• **What is being asked**:
Reproduce verbatim the line containing "Convention realiza missão" and every line that follows it through the end of the entries below, omitting all pictures.

:::

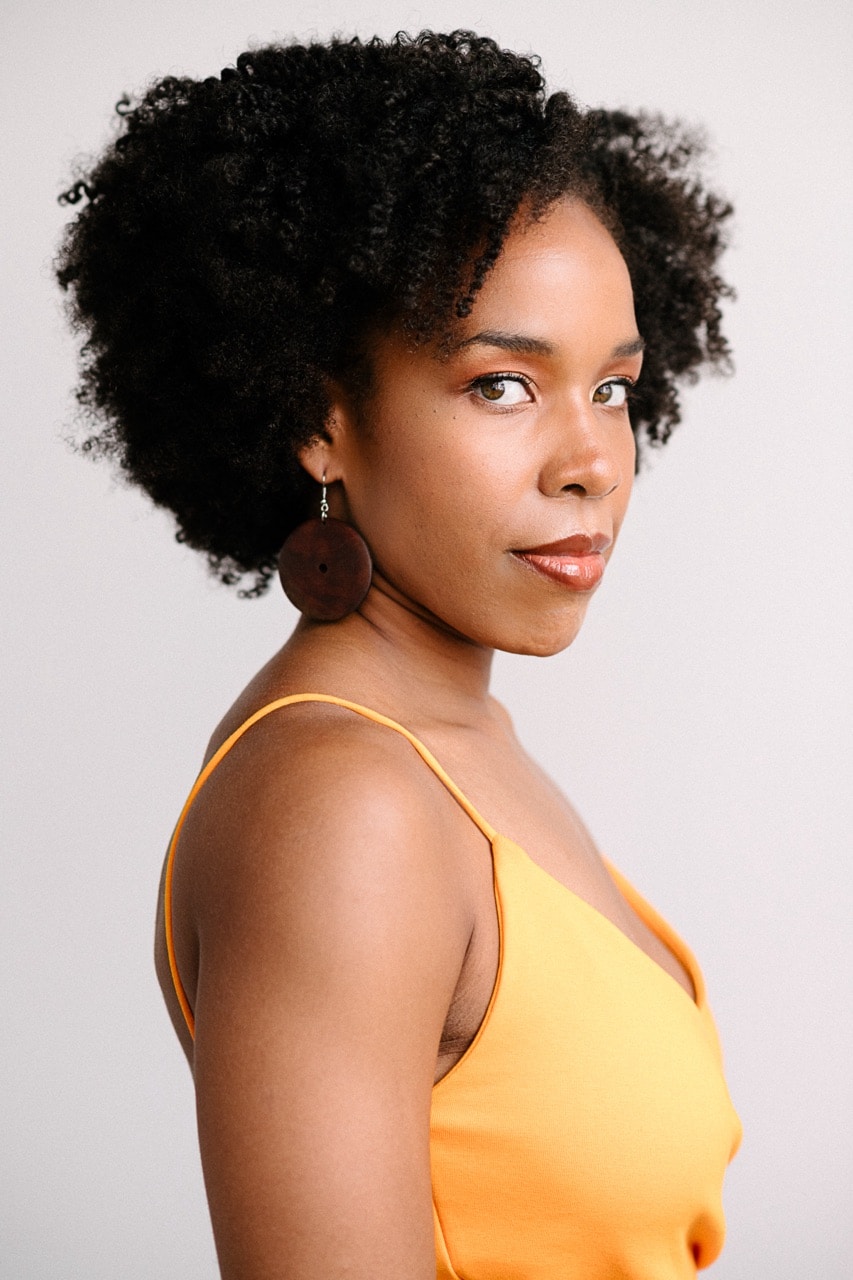 Headshot of Alicia Richardson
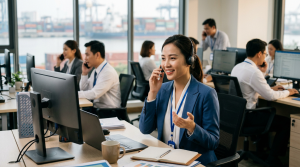 Tuyển nhân viên Sale Logistics: Hoa hồng cao, tệp khách hàng có sẵn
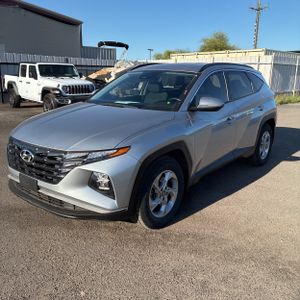 HYUNDAI TUCSON SEL - 1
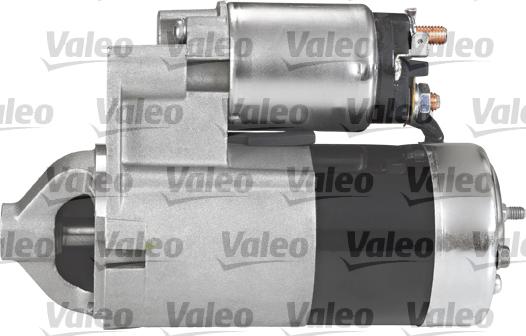 Valeo 600078 - Démarreur cwaw.fr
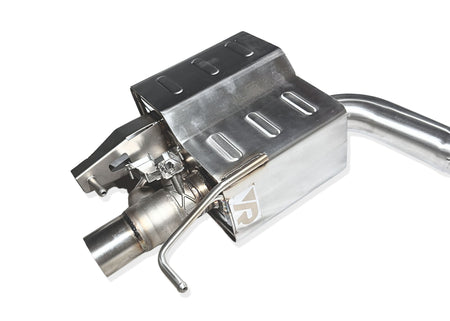 Yonristic Performance Exhaust Mercedes-Benz W205 C63 / C63S Racing Valved Exhaust System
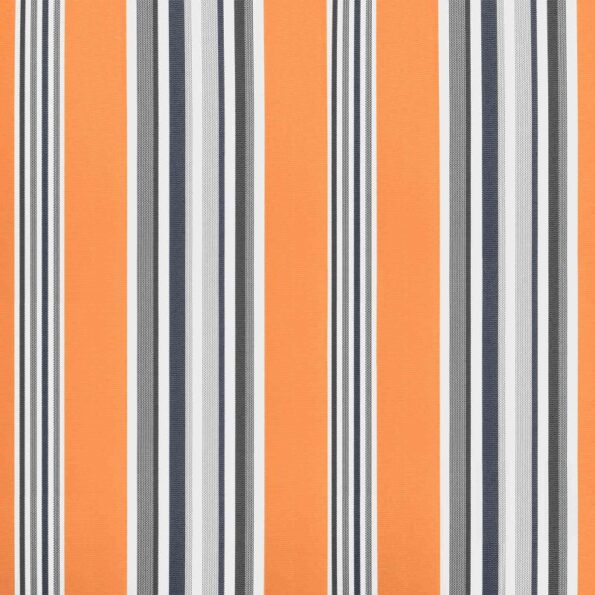 vidaXL Zatemniteľná markíza Morská modrá 400x300 cm Kov a textil – Obrázok 6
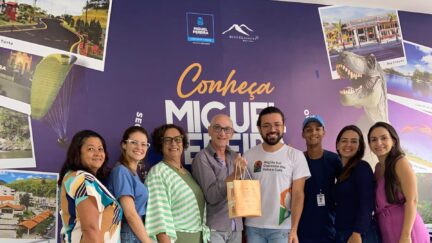Convention realiza missão técnica em Miguel Pereira – RJ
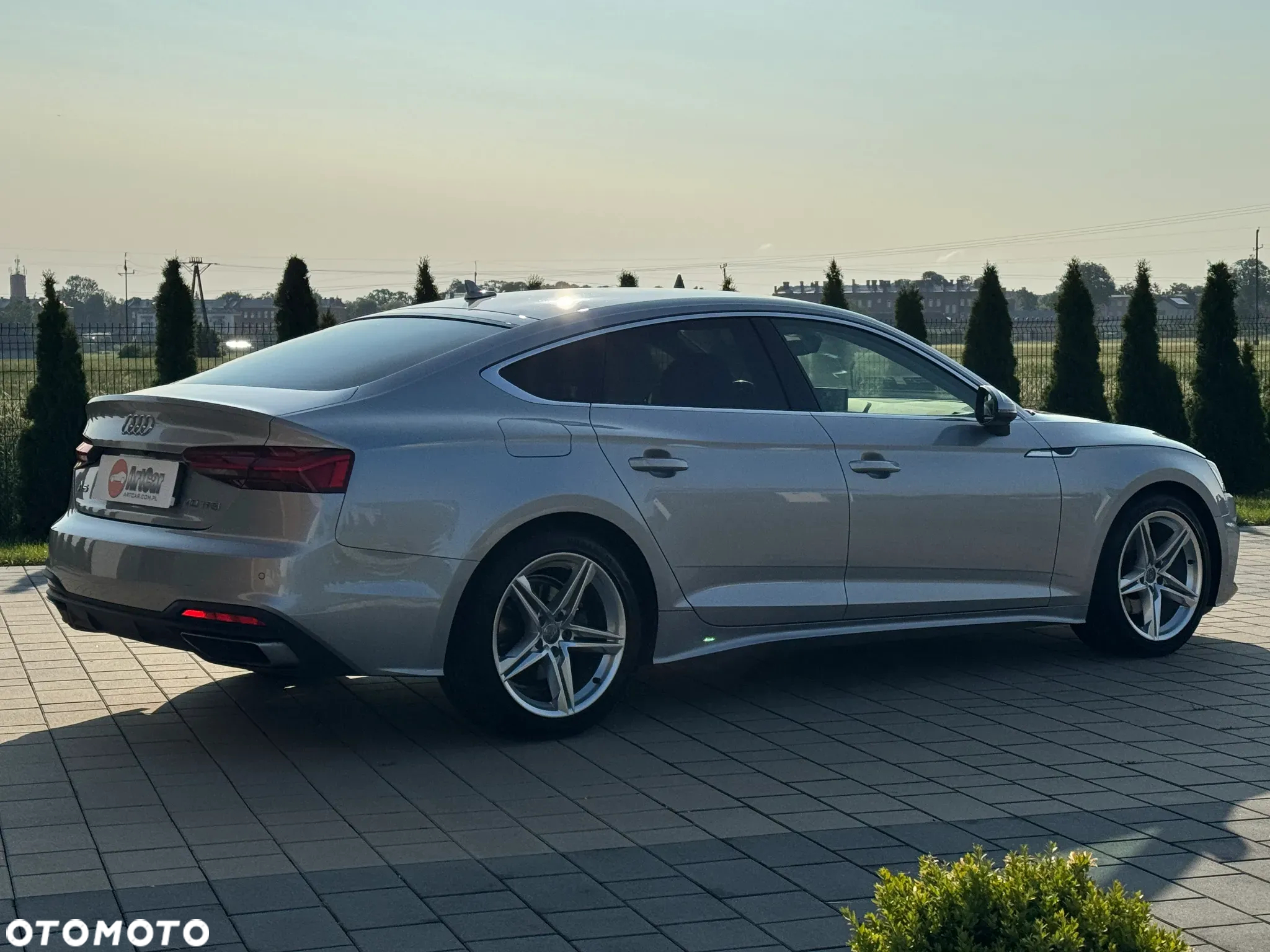Audi A5 40 TFSI S tronic - 8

:::

• **Exercise response**:
Convention realiza missão técnica em Miguel Pereira – RJ
Audi A5 40 TFSI S tronic - 8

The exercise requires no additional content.